I asked these questions which are both "can you grab this data from a web site, and then make these charts?"





1.  Can you find (or create) a table of 50 summer internship positions in cities that are in Silicon Valley, and not in San Francisco?  Ideally, you'd make an interactive map (like the one above), where you can click on the red button and read about the internship.  



2.  Can you make a chart like this one showing the price distribution of all the sofas in the Ikea catalog?  (With the current catalog data.)  
 





In the comments, Ramón got us off to a good start by pointing out that both of these problems required grabbing data from websites, which he pointed out is called "web scraping."  That's how I started this Challenge solution as well, by searching for web scraping tools.  (I'll write another post about web scraping generally... but this is what I did for this Challenge.)

     [ web scraping tool ] 

As you can see, there are many, many tools to do this--I just chose the first one, Import.io, as a handy way to scrape the internship data and the Ikea catalog.

Web scraping is just having a program extract data from a web page.  In the case of Import.io, you just hand it a URL and it pretty much just hands back a CSV file with the data in it.


So, for the first Challenge (finding cities with internships about "big data" that are in the Bay Area, but not in SF), we first have to find a web site that has internships listed.  My query to find them was:

     [ summer internships Mountain View ] 

Why Mountain View in the query?  Because it's pretty centrally located (and it's where I go to work everyday, so I have a local's interest), and I know there are a lot of large companies there with internship possibilities.

Looking at the list of results, I found Indeed.com, Jobs.com,  InternMatch.com (and many others).

I decided to scrape the LinkedIn.com listings--again, because they're just down the street, and I happen to known they have a large interest in "big data" topics.

Their jobs site is:  www.linkedin.com/job/  -- I just filled out the form for internships near Mountain View on the topic of "big data" and found a nice set of results.



Note that I set the "Location" filter to be "Mountain View" (I could have set it to any city in the Valley).  

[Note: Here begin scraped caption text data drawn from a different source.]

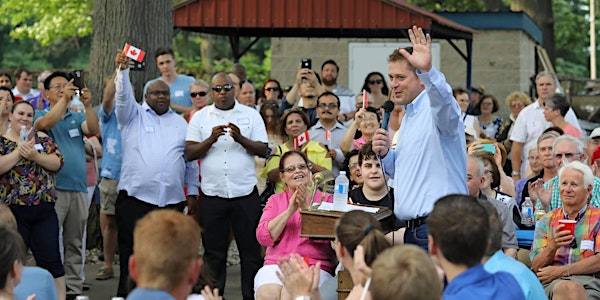 Public Town Hall with Conservative Leader, Andrew Scheer - Limited Seating!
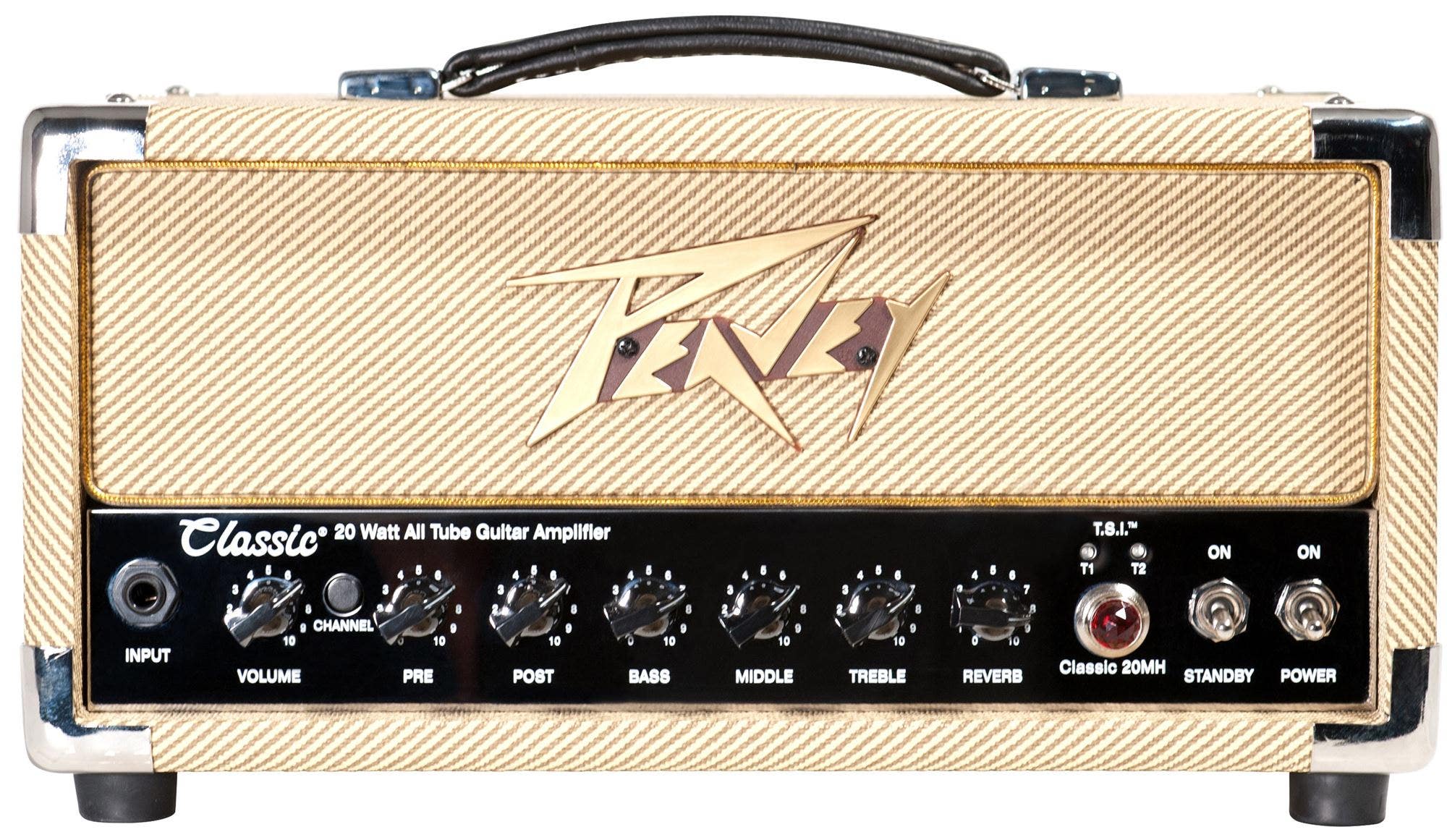 Peavey Classic 20 MH Mini Head Guitar Amplifier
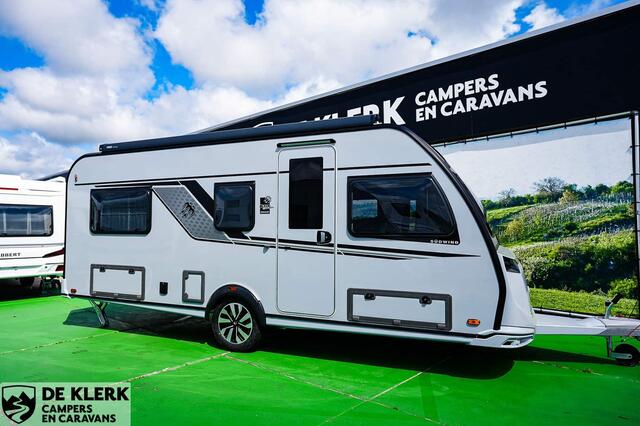 Knaus Sudwind 540 UE Black selection Campovolo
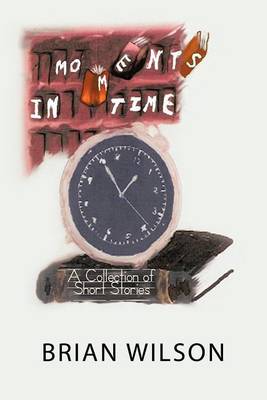 Book cover for Moments in Time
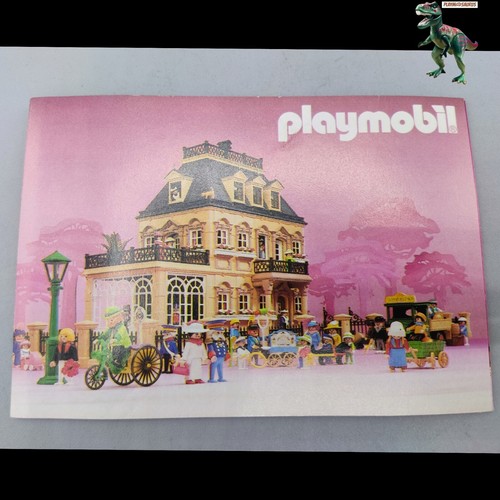 Playmobil year 1989 - playmobil,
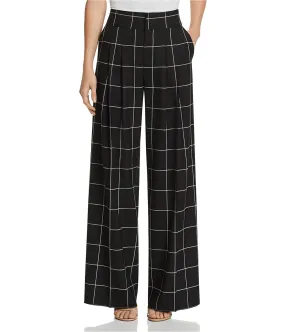 Joie Womens Wide Leg Dress Pants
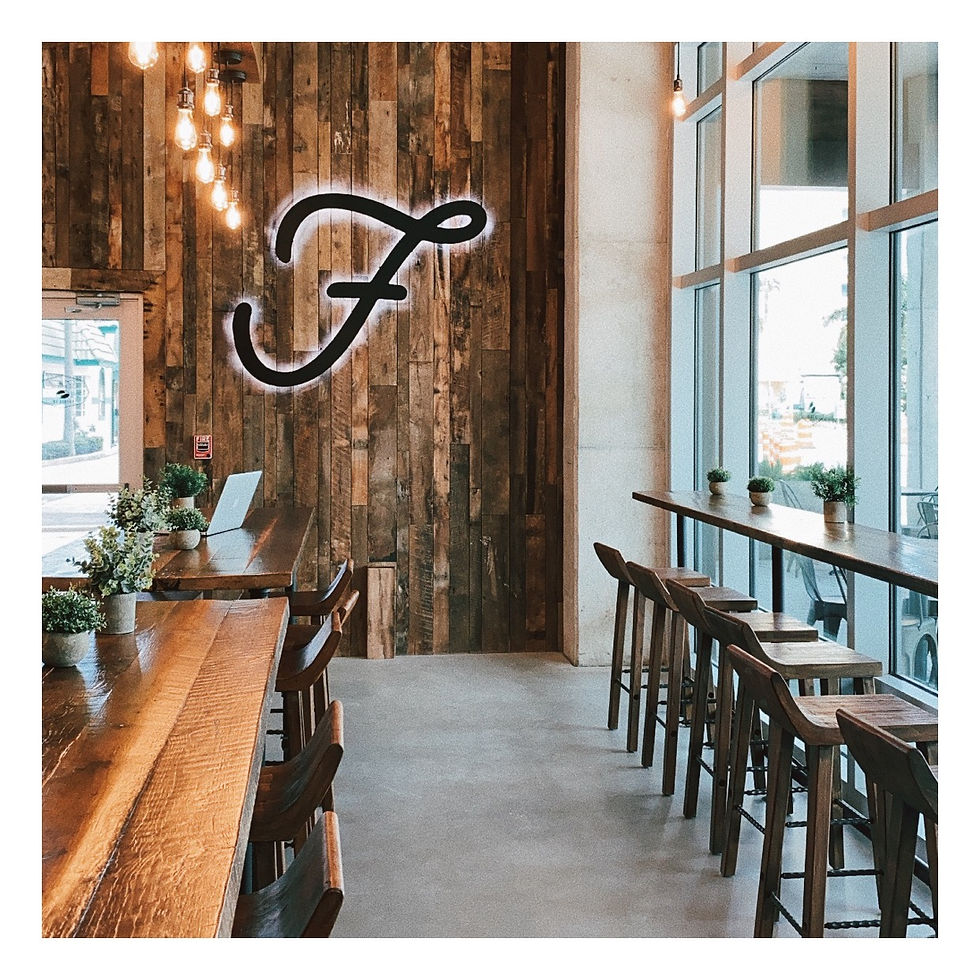 Foxtail Coffee Co.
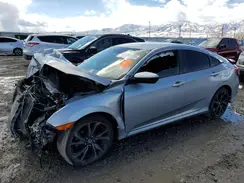 19XFC2F84KE046290 2019 HONDA CIVIC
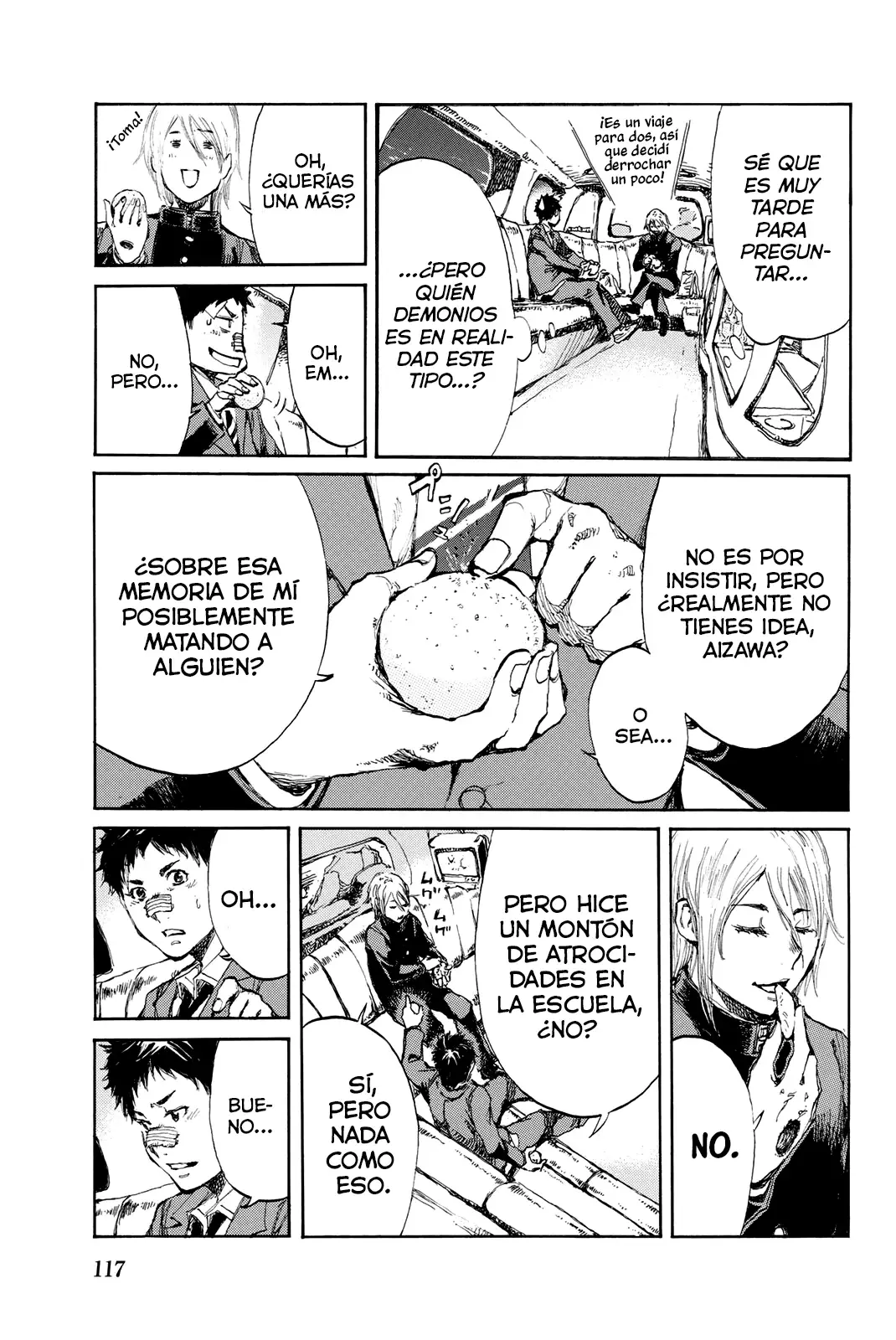 Kimi ga Bokura wo Akuma to Yonda Koro Capitulo 6 página 3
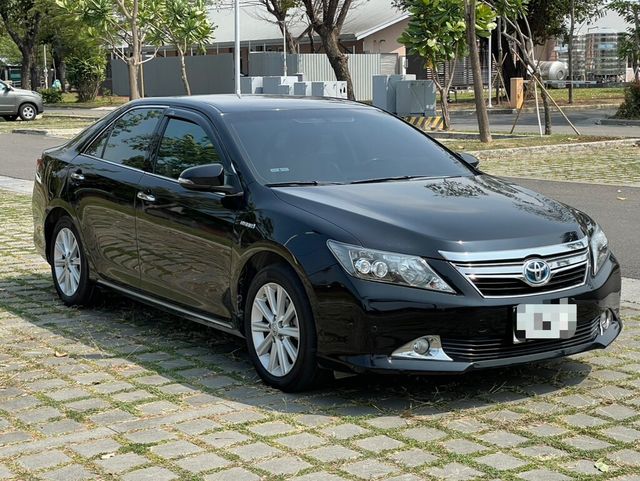 TOYOTA豐田 CAMRY HYBRID  第1張相片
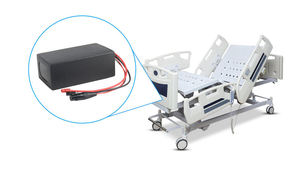 24V/36V/48V Aşırı Şarj Korumalı Lityum Pil Paketi 1000 Döngü Güvenli ve Dayanıklı Sert Kabuklu Pil, Özel E-Bisiklet Seyahatleri için - Product Image 2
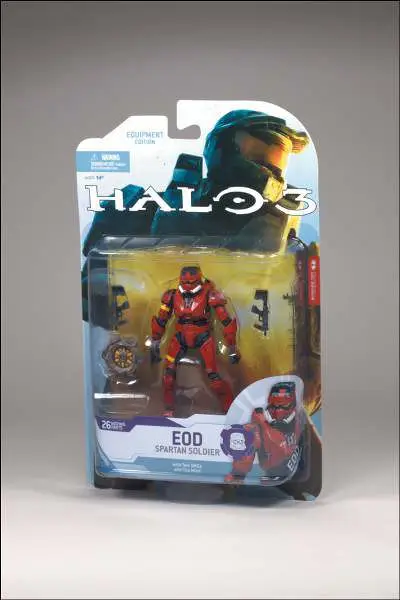 halo 2009 s.1 spartan soldier eod red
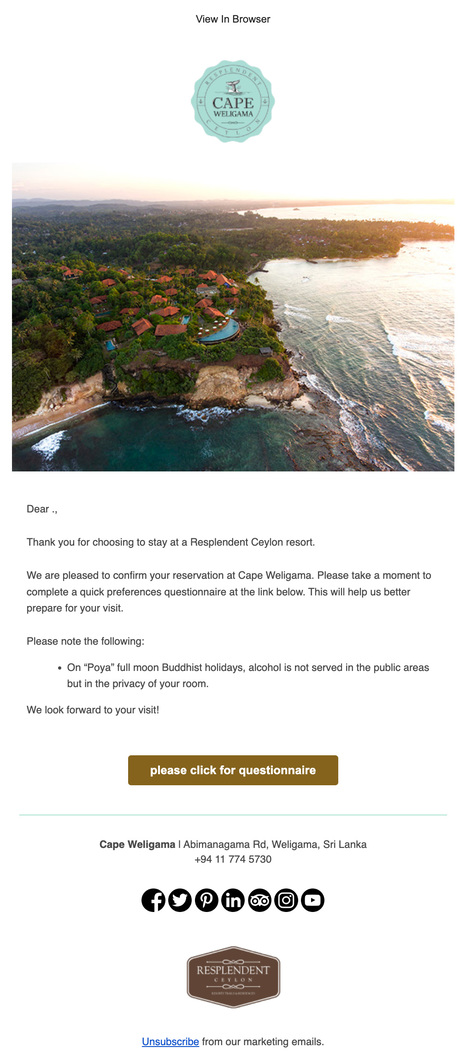 How to employ automation and personalization with a CDP across the guest journey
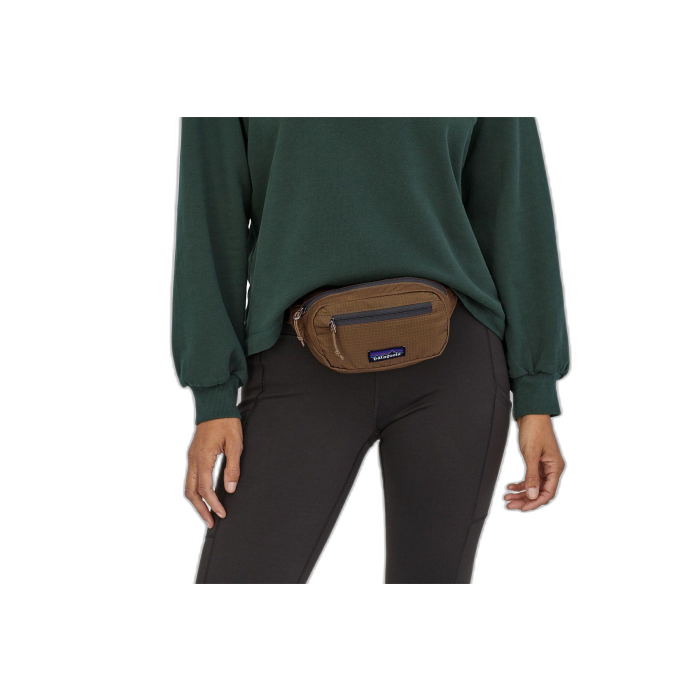 Torebka PATAGONIA Ultralite Travel Mini Hip /  brązowy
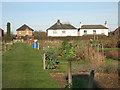 Allotments, Naphill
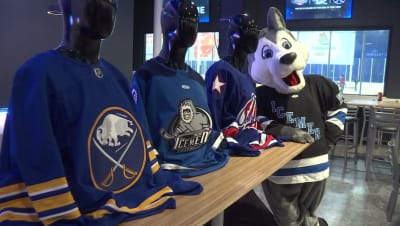 New York, New York: Icemen announce new affiliation agreement with NHL's  Rangers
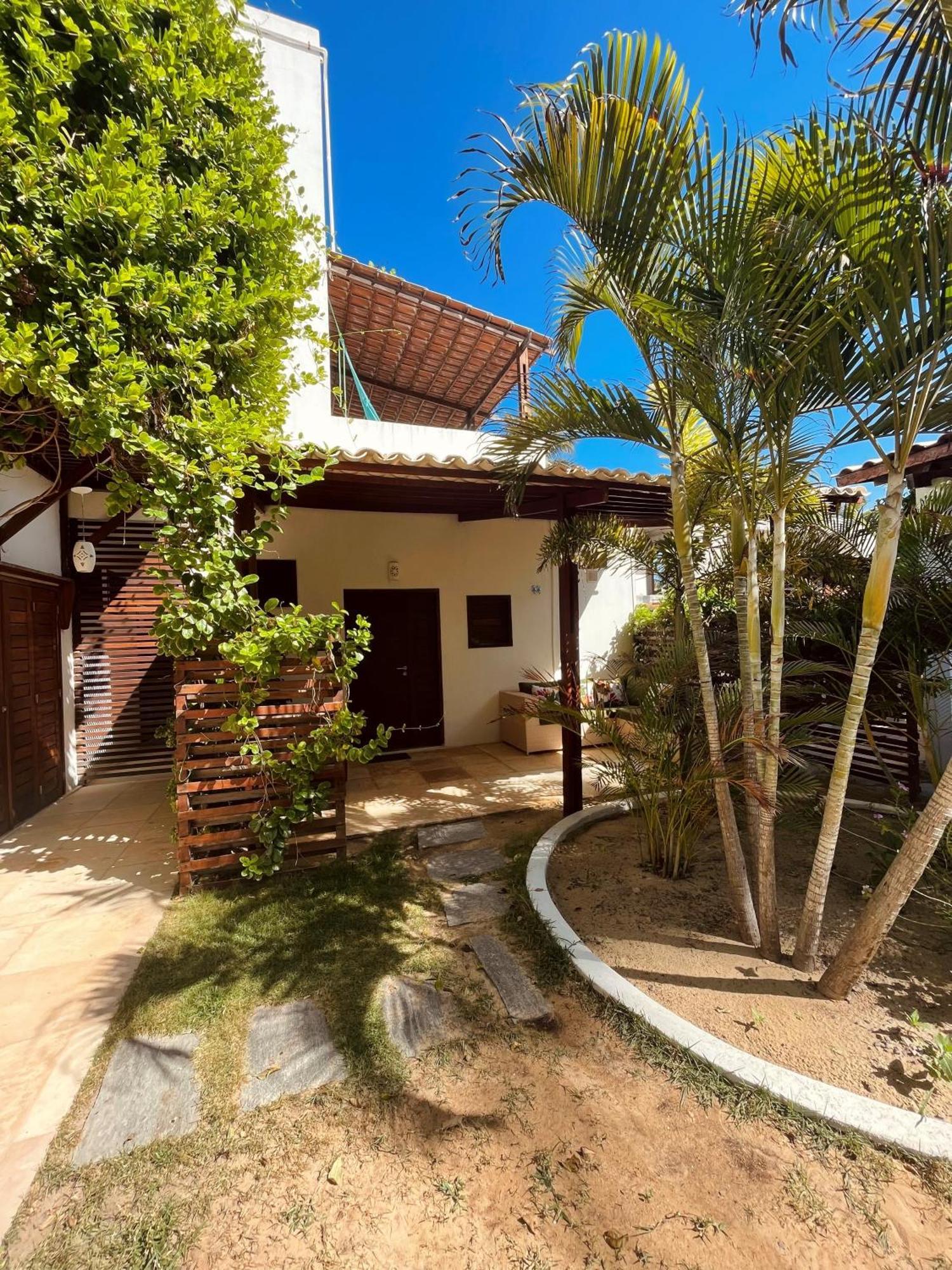 Beach Villa Camurupim Guajiru  Εξωτερικό φωτογραφία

To scrape this data, I just grab the URL from the page:

https://www.linkedin.com/job/intern-%22big-data%22-jobs-mountain-view-ca/?sort=relevance&page_num=2&trk=jserp_pagination_2

And drop that into Import.IO -- and let it scrape out the data.



At the bottom of the Import.IO page there's a "Download..." option.  I saved this data to a CSV file, and then imported that into a Google Spreadsheet, which gave me: 





As you probably noticed, this is only 25 positions.  I can easily go to the "next page" of results on the LinkedIn site, copy the URL, drop that into Import.IO and repeat.  I did this, and appended the results to the bottom of the spreadsheet.  (Shared spreadsheet link.) 

In the spreadsheet you can see that I copied all of the city names and put them into Sheet 3 ("Cities").  I did a quick cleanup there, and created a second column "CityName" so I could then pull this spreadsheet into a new My Map.  But FIRST I copied all of the Cities and CityNames into another spreadsheet  with JUST the names of the cities in it.  (Why?  Because My Maps doesn't like to import spreadsheets with special characters in the columns.  A fast workaround is to just make a new sheet with just the data--the city names--that I care about.)  

So.. my new (city names only) spreadsheet looks like this: 




And when you import that into a My Map, you get this map




Note that there are many more cities in the spreadsheet than are shown here--there are a lot of duplicates.  (I guess we could have looked-up the street addresses for each business, but that's too much like real work.)  



And now that you know this method....  

doing the Ikea sofas is just as straight-forward.  

Go to the Ikea page and search for sofas.  Grab the URL and paste into Import.IO -- that gives you another data table.  Their URL looks like this:  

     http://www.ikea.com/us/en/search/?query=sofa&pageNumber=1



Notice that this is page 1 out of 36.  It's kind of a hassle to get all 36 (but I'll write up how to do that in another post!), so let's get a few more and do the same "save as CSV."  

Luckily, Import.IO has a "Save 5 pages" which automatically grabs the next 5 pages of Ikea data (just by changing the &pageNumber=1 argument in the URL above.  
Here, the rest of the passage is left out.